File Store

Transactional Store

The checkpoint based transactional store consists of 2 files:

page.db (database)
transaction.log (journal)

It combines linear high-performance random and FIFO access to message pages.

Store Structure

The transactional store works page-oriented with a size of 2 KB. The pages are stored into a RandomAccessFile named page.db. Every message uses at least 1 page. Bigger messages are distributed to several pages. The messages are accessed via a 2-ary index, consisting of the root index and an index per queue. Every queue index contains message keys with the respective message page references. An index is sorted. When inserting a message key into a full index page, a page splitting takes place. The insertion of new elements into an index is always made at the end, the deletion of elements mostly at the beginning of a queue index. Thus, every queue index keeps the first and the last index page within the direct access so that localization is very fast. Also, all index pages are stored within the page.db.

Cache

A cache belongs to the transactional store which keeps often-used pages within the main memory. The decision if a page is relocated or not is made on the basis of the hit counts and the last access time. The cache is controlled by a cache manager by which every page access of other components is done. The cache is both read- and write-cache, as pages are flushed onto the disk not until a checkpoint. Through this, a very high speed concerning read- and write transactions is obtained.

Store Transactions

Every access to the transactional store is done in form of store transactions which are controlled by a store transaction manager. A journal belongs to every transaction where any change within a page is listed at the byte level. Page access within a transaction begins with a pin of the page which ensures that the page is not flushed before the transaction is closed.

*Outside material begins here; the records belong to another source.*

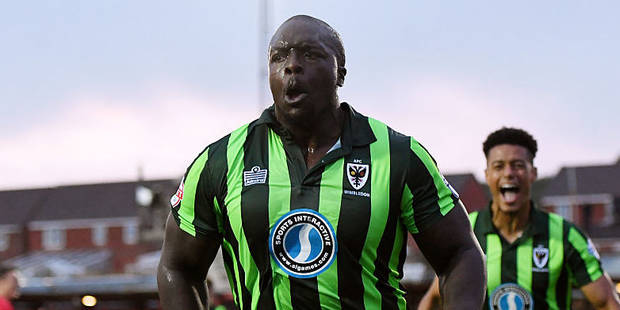 あの太っちょ野獣アキンフェンワ、デビュー戦である意味伝説を残す ライブドアニュース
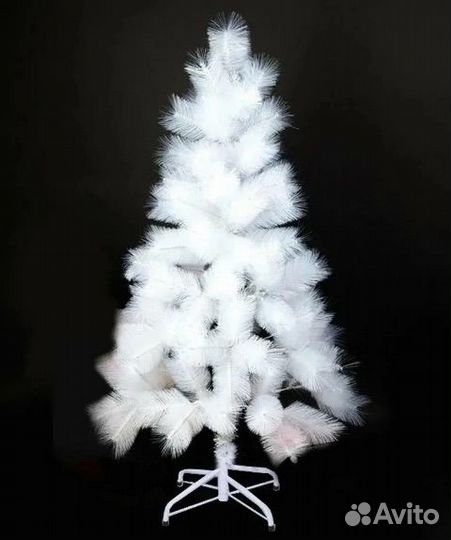 Елка искусственная белая (сосна)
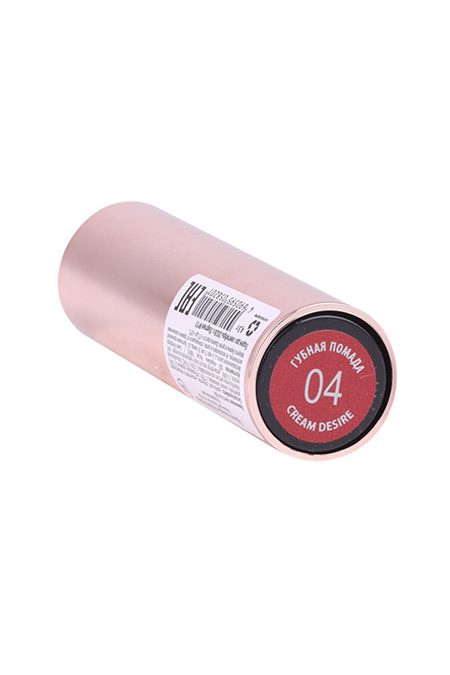 Помада EVA MOSAIC Cream Desire тон 04 д/губ 4,3 г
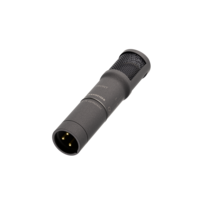 MKH 8030 BI-DIRECTIONAL FIGURE-8 MICROPHONE,LOW-TENSION DIAPHRAGM,COMPATIBLE W/ VARIOUS MKH 8000 ACCESSORIES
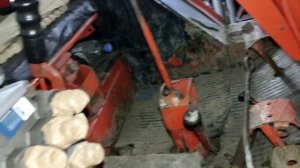 ?ПОГРУЗЧИК КУН? НА ТРАКТОР Т-25? УСТАНОВКА? ГИДРАВЛИКА?? 5 часть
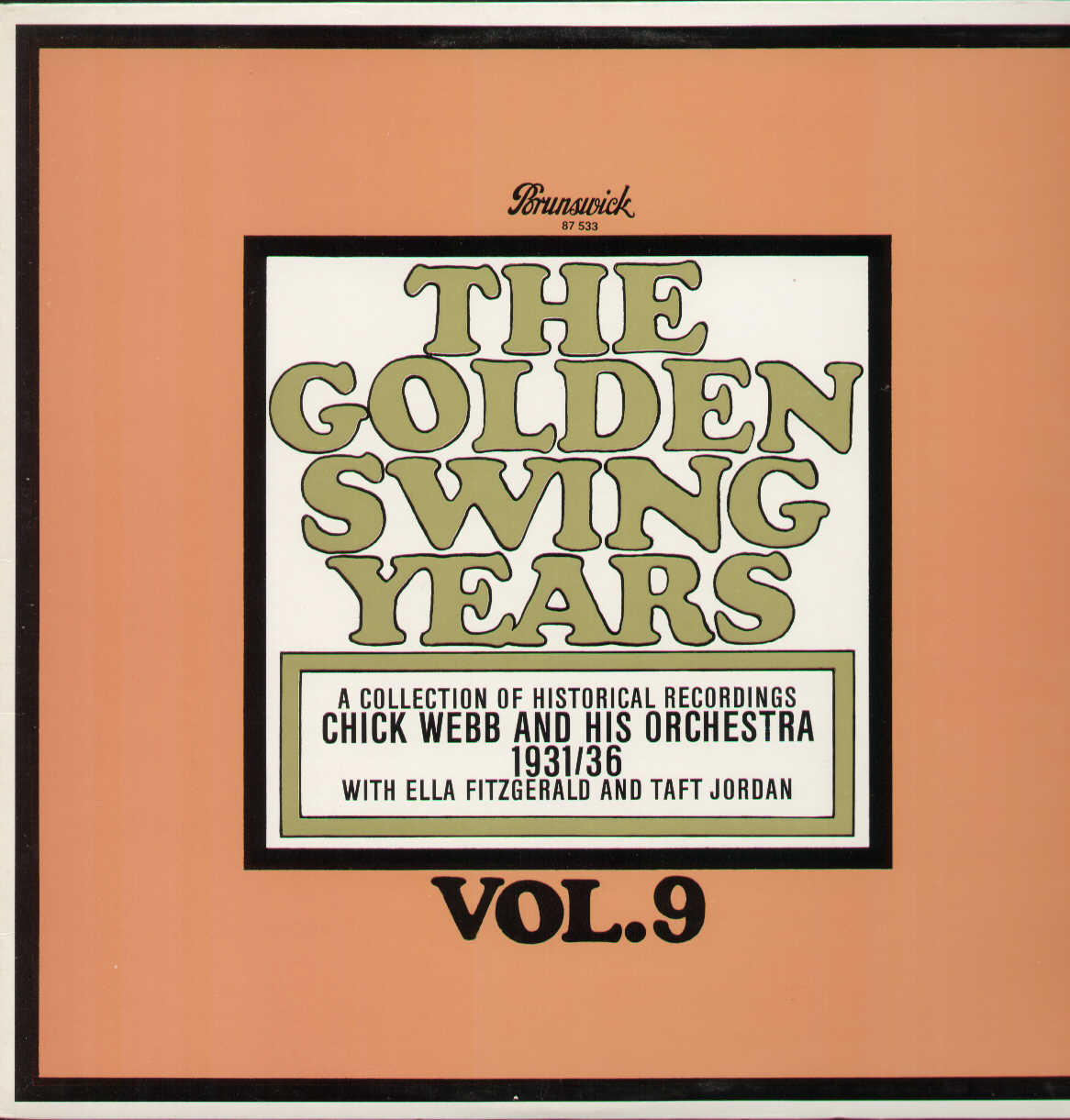 The Golden Swing Years Vol.9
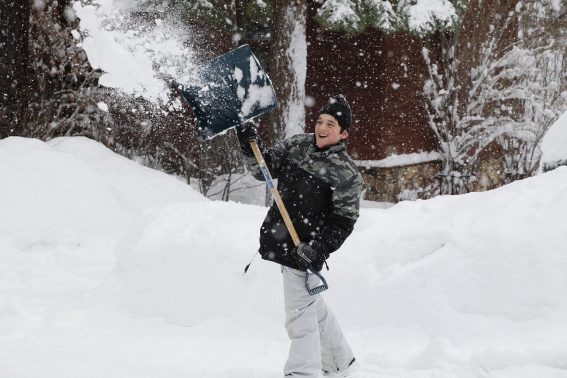 Stouffville Snow Remocal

A commit or a rollback always forms the termination of a transaction. Both actions are performed by a recovery manager who transfers a log record to the log manager. In the case of a rollback, it previously performs a rollback onto the pages within the cache. The log manager works asynchronously with an input queue. Log records are placed into this queue by the recovery manager and are processed asynchronously by the log manager. Because of the asynchronous implementation of the log manager, it is possible to process several log records within one go (so-called group commit). The log manager writes the log record of the transaction into a RandomAccessFile named transaction.log and triggers the transaction. This now makes an unpin of all its pages. Therewith the transaction is finished. In the case of a system failure, all changes may be reconstructed out of the transaction log. This procedure is called "write-ahead logging". Here it is guaranteed that the log record is stored before changes concerning the proper data are written into the "stable store".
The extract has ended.